◆ To do:
Scan the entries below line by line and state how many lines contain the string "Organic", giving only the number.
== Segment start ==
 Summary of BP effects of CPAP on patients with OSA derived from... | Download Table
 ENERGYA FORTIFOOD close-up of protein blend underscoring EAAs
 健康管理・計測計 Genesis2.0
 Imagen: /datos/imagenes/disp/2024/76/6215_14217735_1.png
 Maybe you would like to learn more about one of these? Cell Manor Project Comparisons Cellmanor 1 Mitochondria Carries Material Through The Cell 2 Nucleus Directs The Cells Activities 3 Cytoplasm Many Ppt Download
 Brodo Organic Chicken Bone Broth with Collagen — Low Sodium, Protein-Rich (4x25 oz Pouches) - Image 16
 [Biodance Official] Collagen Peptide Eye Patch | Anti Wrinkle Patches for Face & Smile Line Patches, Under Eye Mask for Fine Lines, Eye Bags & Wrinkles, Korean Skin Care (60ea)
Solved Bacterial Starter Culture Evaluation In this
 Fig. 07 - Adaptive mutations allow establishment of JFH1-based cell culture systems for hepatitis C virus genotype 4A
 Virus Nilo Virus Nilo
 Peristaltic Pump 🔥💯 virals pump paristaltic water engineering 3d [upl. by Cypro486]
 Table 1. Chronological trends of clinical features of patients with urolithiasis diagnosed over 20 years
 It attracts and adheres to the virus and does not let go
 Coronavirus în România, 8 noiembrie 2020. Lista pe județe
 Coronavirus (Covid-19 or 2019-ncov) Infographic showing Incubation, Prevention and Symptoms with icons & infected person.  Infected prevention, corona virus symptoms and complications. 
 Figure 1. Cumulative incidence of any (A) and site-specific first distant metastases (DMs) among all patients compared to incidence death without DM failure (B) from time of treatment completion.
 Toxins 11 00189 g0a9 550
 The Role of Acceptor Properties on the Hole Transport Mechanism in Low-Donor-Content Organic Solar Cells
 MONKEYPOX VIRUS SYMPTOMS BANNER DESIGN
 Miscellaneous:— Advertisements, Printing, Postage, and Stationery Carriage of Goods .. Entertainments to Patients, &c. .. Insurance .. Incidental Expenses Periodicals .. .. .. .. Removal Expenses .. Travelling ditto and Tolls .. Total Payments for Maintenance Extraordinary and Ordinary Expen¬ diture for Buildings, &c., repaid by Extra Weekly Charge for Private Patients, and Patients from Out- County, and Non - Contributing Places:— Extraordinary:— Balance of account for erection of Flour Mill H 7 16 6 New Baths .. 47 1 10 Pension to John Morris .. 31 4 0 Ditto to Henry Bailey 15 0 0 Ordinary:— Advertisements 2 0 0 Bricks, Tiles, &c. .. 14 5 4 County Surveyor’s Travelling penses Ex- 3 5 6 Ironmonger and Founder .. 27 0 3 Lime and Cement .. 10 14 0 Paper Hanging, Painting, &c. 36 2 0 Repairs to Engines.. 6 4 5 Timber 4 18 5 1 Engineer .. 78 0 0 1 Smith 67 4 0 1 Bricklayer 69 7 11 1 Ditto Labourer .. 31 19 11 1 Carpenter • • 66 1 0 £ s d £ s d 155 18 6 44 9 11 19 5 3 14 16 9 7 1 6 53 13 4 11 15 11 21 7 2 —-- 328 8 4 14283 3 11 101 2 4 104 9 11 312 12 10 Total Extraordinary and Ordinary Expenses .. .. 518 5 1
== Segment end ==
◆ Answer to this task:
2